Unlike many Apple fans, I don’t chase the latest tech or wait in lines to be the first to buy its newest models. Instead, I wait as long as possible before buying a new Apple product, getting everything I can out of my old devices. I’m not exactly any brand’s ideal customer. However, I am part of Apple’s target audience.
Apple is one of the world’s most valuable brands, in part due to its ability to attract both early and late adopters. While brand loyalty is often chalked up to marketing, Apple’s brand loyalty is not simply the result of its marketing efforts. It goes to show that you don’t need multimillion-dollar marketing budgets to build a loyal customer base.
Don’t Just Go After Early Adopters
One mistake that many companies make is focusing solely on chasing consumers who relish in the delight of purchasing new products. As practical as it might sound, it represents a small share of the market and it creates a cycle of chasing the next best thing. While businesses should always be seeking ways to innovate and optimize, targeting an audience that feeds off of the latest and greatest often means quick iterations. This can be a good thing, but it can often result in rushed production and products that aren’t as great as they could be.
Your Value Should Be Higher Than Your Price Tag
After getting my first Mac in college, and using a chunk of my savings to do so, I realized that Macs really were the superior product. I spent an amount that made a dent in my bank account at 20, but what I got was unlike any computer I had previously had: one that had value.

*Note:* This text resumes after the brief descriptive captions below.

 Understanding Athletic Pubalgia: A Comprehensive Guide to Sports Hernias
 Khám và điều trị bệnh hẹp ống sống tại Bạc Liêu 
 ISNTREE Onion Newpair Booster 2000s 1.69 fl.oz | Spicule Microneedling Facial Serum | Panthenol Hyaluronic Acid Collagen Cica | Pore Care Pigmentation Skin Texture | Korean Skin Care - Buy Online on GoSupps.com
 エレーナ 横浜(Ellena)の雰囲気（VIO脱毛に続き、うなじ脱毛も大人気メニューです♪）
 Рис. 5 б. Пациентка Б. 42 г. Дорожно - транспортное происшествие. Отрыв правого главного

Before my first MacBook, I would need to buy a new laptop every couple of years. Spending what was then $500 or so every year felt like a lot–and it was. Because while I hesitated to spend double that on what I figured would be the same value, it turned out to be a far better deal when the MacBook lasted year after year. A Mac may cost more up front, but it costs less in the long run.

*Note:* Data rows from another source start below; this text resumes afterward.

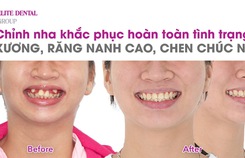 Để có một hành trình niềng răng suôn sẻ, cần lưu ý những điểm sau Để có một hành trình niềng răng suôn sẻ, cần lưu ý những điểm sau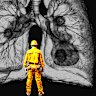 New research has estimated up to 300 workers across three tunnelling projects will be diagnosed with silicosis, an incurable lung disease.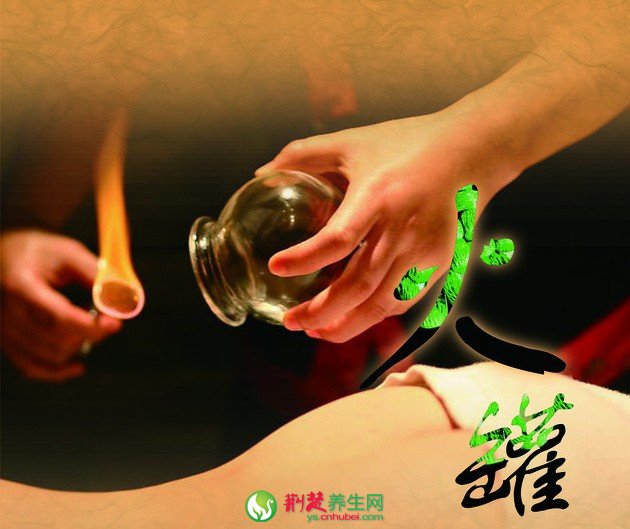 養(yǎng)生火罐 讓你一年少生病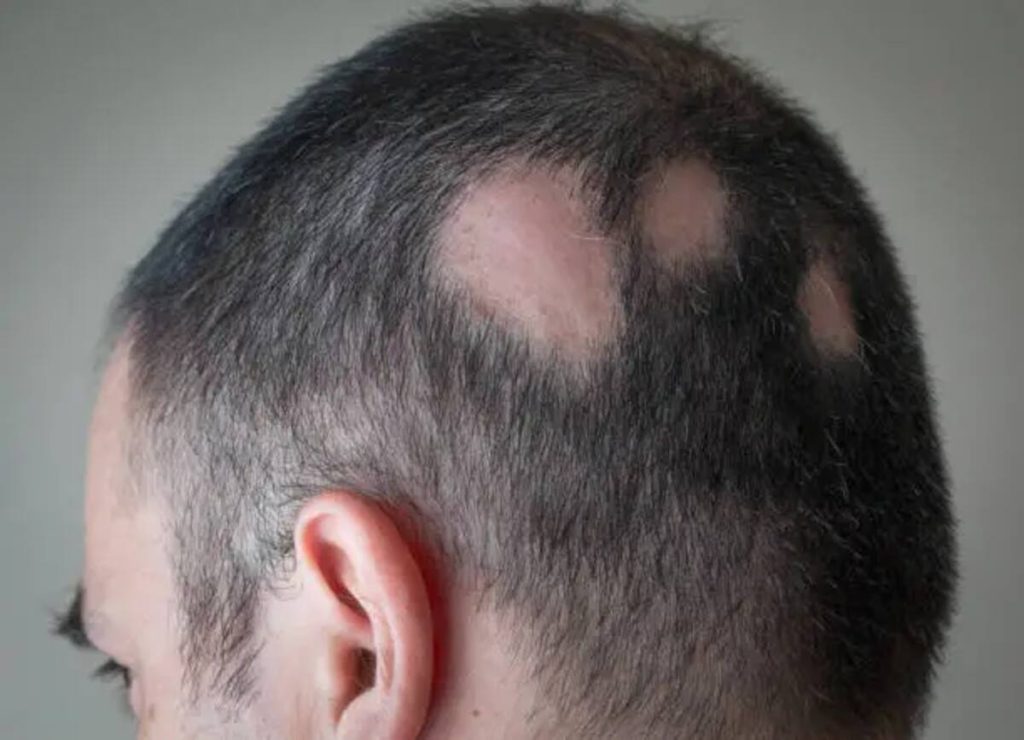 BEST HAIR TRANSPLANT DOCTOR IN ARIZONA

Give Consumers a Reason To Stay (Not Just a Reason To Buy)
Speaking of high value, give customers a reason to stay, not just a reason to buy over and over again. Instead of building something new to make people buy the next best thing, give them a product that is so good they don’t necessarily want the latest and greatest. It’s not a short-term profit-generating strategy, but it is a great way to build a loyal customer base–if not, a cult following.
There are dozens of different laptops on the market, but Apple is the only brand I considered. While they all probably do their jobs, Apple does an excellent job of producing a product that I have great confidence in–and why I’m admittedly part of its cult following. Because as I keep using my five-year-old MacBook as the brand new one (purchased via a work-from-home stipend) sits in the box it arrived in, I know if my old Air is still this good, the new one must be really great.
In fact, I know I won’t be disappointed because I’ve waited so long to upgrade, that I’ll really feel a difference. I’m sure once I do finally make the switch, I won’t want to let it go when the next best thing comes out–just like I’m doing now with my 2017 Air.